It was almost dark when Mary returned, camper in tow. She’d tuned the car radio to a local country station, hoping the music would calm her nerves. She sidled along Route 176, looking, looking, and there he was. Darrell came out of the woods and got in beside her. “Let’s move,” he said. “Let’s go.”
Just two minutes up U.S. 65, the music was interrupted for a news bulletin. Mary was too wrapped up in her driving to pay much attention, but she caught bits and pieces of it, more than enough to realize it had something to do with Darrell.
Three bodies found in a remote corner of Taney County … multiple gunshot wounds … a man, a woman, and their nineteen-year-old grandson … investigators on the scene …

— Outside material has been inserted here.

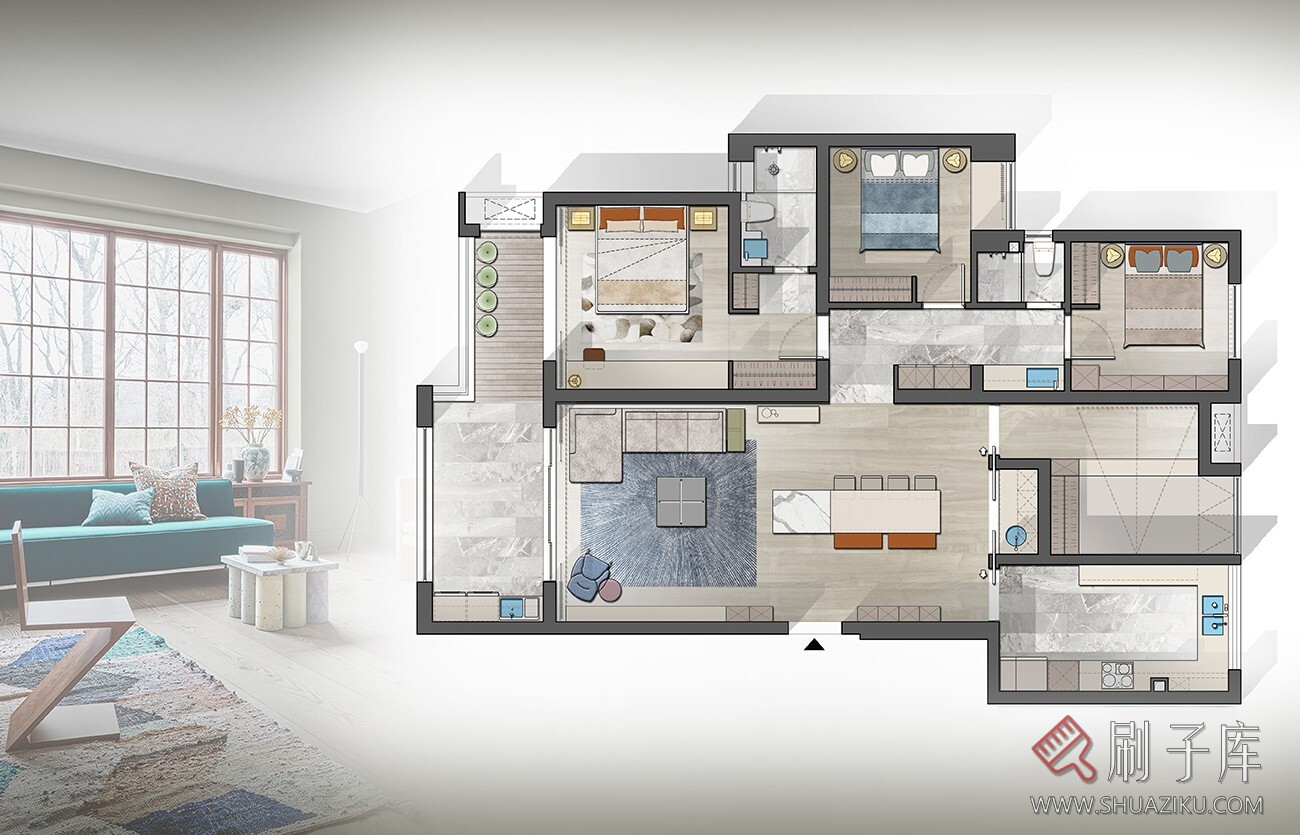 图片[3]-《 15种不同风格彩色平面图-PSD源文件 》-刷子库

She said nothing for a while, not even looking at Darrell, giving it a chance to sink in.
“Who was it?” she finally asked. “Lloyd and Frankie?”
Darrell nodded.
“And the grandson?”
Darrell said it was Willie. “It’s over with,” he said. “It’s finished.”
They took the first Springfield exit off U.S. 65 and headed east along U.S. 60. They didn’t have a particular destination in mind, no plan except getting as far away from Taney County as they could.

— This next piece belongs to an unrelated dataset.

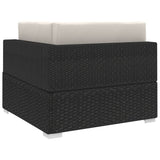 NNEVL Sectional Corner Chair 1 pc with Cushions Poly Rattan Black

Thirty or forty miles outside the town of Cabool, Darrell showed Mary the watch and rings he’d taken from Lloyd. She looked at them with horror and disgust. She couldn’t believe he’d taken these things and was showing them to her. She told him she wanted no part of them. Darrell rolled down his window, flung the watch into the night, and told her to forget it. He couldn’t stand her being so upset.
He tucked the rings into his jacket pocket, thinking he’d pawn them or unload them at a truck stop somewhere down the line. Chances were they’d need the money.

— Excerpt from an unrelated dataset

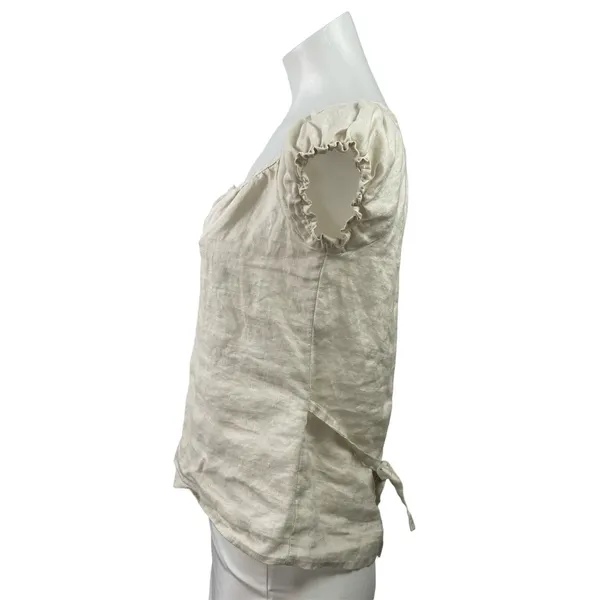 Brandy Melville Beige 100% Linen Short Sleeve Tie Back Henley Blouse Top Size M - Image 2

They drove late into the night, tough going with the camper on the twisty two-laner, crossing into Illinois near Cairo. Working a road map, Darrell suggested they steer clear of the Interstate and head north on Route 127.
About fifty miles up Route 127 from the Illinois state line, not far from the village of Alto Pass, a huge cross constructed of marble and steel stands more than a hundred feet tall atop Bald Knob Mountain. The cross was built in 1963 as a monument to Christianity in America, and at nighttime, lit by powerful floodlights at its marble base, it can be seen for miles around.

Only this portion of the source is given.